Allow a wage-price spiral of about 6% a year, which would raise long rates, allow short rates to increase eventually without a recession and that would cut off the cheap money supply. Asset prices would fall in real terms because of persistently higher rates across the yield curve. In nominal terms they would be able to maintain more of their price while wages would inflate to the point where people would be able to buy houses and be able to pay back debts (particularly college loans).

Instead the Fed jacking up short rates right now is going to cause a recession, create high unemployment and cap wage growth and break unionization. This will be combined as usual by massive tax cuts for the rich as a bailout package, which will be the only thing possible to get past the Republican House. And the Fed will have to then sharply cut short rates and the cycle will continue. I doubt we'll be able to maintain rates at 0% for another ten years, but they're firmly opposed to trying to wage-inflate our way out of this, so we'll probably see shorter cycles between boom and bust as inflation starts to come back faster. There are no signs that they're going to start to give up on the way they've been running the economy though, I don't think there has been a massive fundamental shift in the economy -- other than no more 10 years of 0% with no CPI inflation.

1 comments

"Allow a wage-price spiral of about 6% a year, " - Fed cannot create this wage-spiral. Fed only controls interest rates. From 2009-2016 interest rates were below 0.2% - and wages did not move.

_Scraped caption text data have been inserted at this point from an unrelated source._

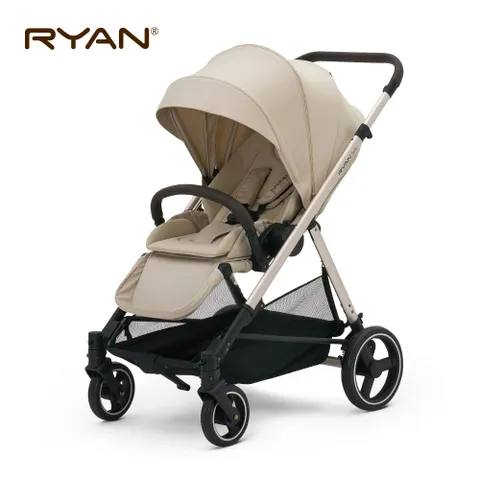 솔로 2025 절충형 유모차 + 컵홀더,유모차정리함,모기장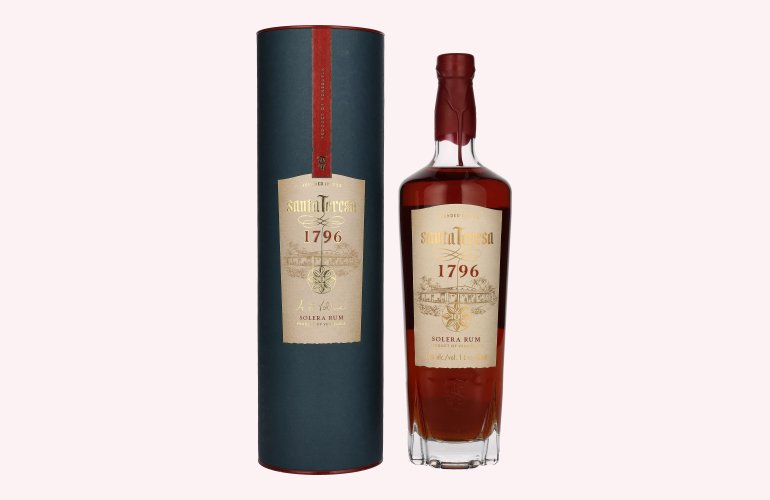 Santa Teresa 1796 Solera Rum 40% Vol. 1l in Giftbox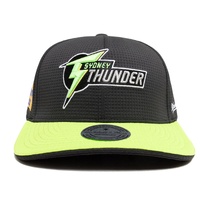 Sydney Thunder Official Adult On Field Lo Pro Snapback Cap Cricket Big Bash League BBL By Mitchell & Ness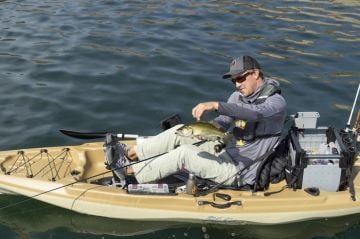 HOBIE MIRAGE PASSPORT 12.0 PEDALLI KANO Sarı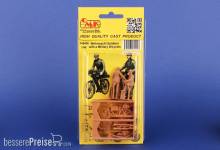 CMK 129-F48406 - Wehrmacht Soldiers with Military Bicycles
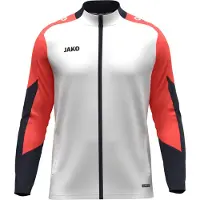 Jako Veste unisexe en polyester Dynamic - 9370, Couleur:blanc/coral/marine, Taille:XXL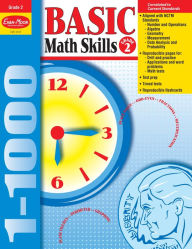 Title: Basic Math Skills, Grade 2 Teacher Resource, Author: Evan-Moor Corporation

Only employers can create this type of wage spiral - and I do not think they will do this. Employers are now looking into automation as much as possible to replace labor (supermarket checkouts, at fast foods order kiosks, online ordering, robots for cleaning hotel rooms, etc...)

> From 2009-2016 interest rates were below 0.2% - and wages did not move.

From 2009-2016 the unemployment rate fell from 10% to 4.7%, it is now at 3.5%

> Only employers can create this type of wage spiral

They don't create a wage spiral, they would naturally want to pay people less, they don't wake up one morning and give people raises without a reason.

And the reason is the jobs overhang. When you have twice as many jobs per job seeker then employers are FORCED to pay more just by supply and demand laws.

That only happens though when unemployment is near its lower bound (which we seem to have empirically determined is around 3.5% at least for our economy right now).